To demonstrate his involvement for flight testing & certification two recent achievements by his department ASTC will be shared.

  1. H2020 Clean Sky 2 projects SCALAIR and NOVAIR The objective for the European research programmes is:
  • SCALAIR: To demonstrate the feasibility and validate using scaled model aircraft as a step between wind tunnel test en prototype flight test thus accelerating the development of new aircraft. In SCALAIR we developed a 1:8.5 scaled A320 aircraft (Scaled Flight Demonstrator SFD), integrate an instrumentation suite and developed a Ground Control Station for BVLOS operations. After the successful completion of wind tunnel tests early 2022, in autumn 2022 19 successful mission flights were performed in Grottaglie Italy following 6 qualification test flights at Deelen AFB in the Netherlands during springtime. An impression of a mission flight can be seen here: Mission Flight Tests of Clean Aviation’s Scaled Flight Demonstrator - YouTube
  • NOVAIR: The project continues in 2023 and 2024 testing a radical distributed electric propulsion configuration replacing the two jet engines for six electric driven propeller engines. Wind tunnel tests for this Distributed Electric Propulsion DEP SFD were performed early 2023 @ DNW wind tunnel in Marknesse (NLR).
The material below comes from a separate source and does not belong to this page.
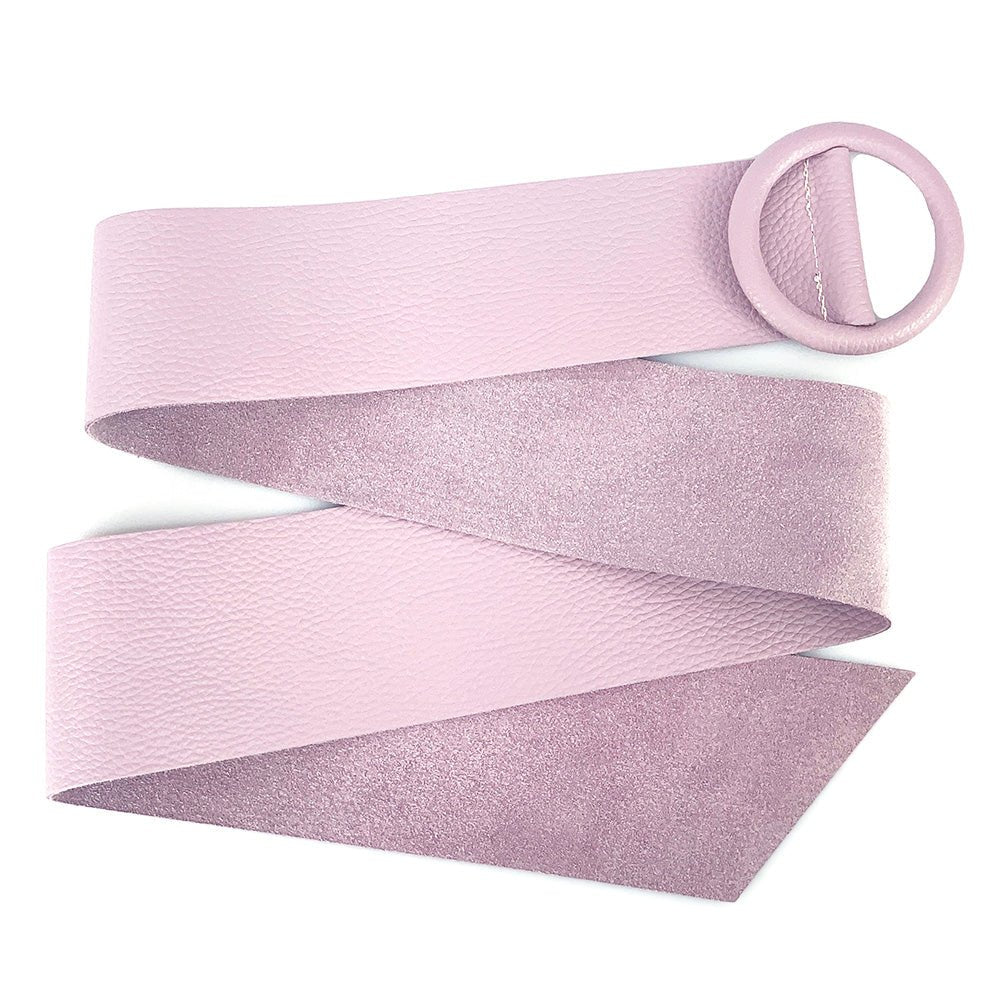 Rings of Elegance Genuine Leather Belt with Decorative Ring - Leather Italiano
  1. PEC project As of August 2nd 2023 NLR is proud to be awarded a European patent (No. 20178184.6) for a novel approach and methodology to support PEC certification of air data systems of aircraft. This methodology was developed using the latest GNSS technology and a special designed data processing approach using NLR’s Citation research aircraft as a pacer aircraft. The solution is used to test and certify new developments of the Air Data System for the Eurofighter Typhoon programme. The methodology has been demonstrated and proven to deliver the required performance for PEC certification. This project started as a research project in 2018 and will serve customers continuing in 2023 and 2024.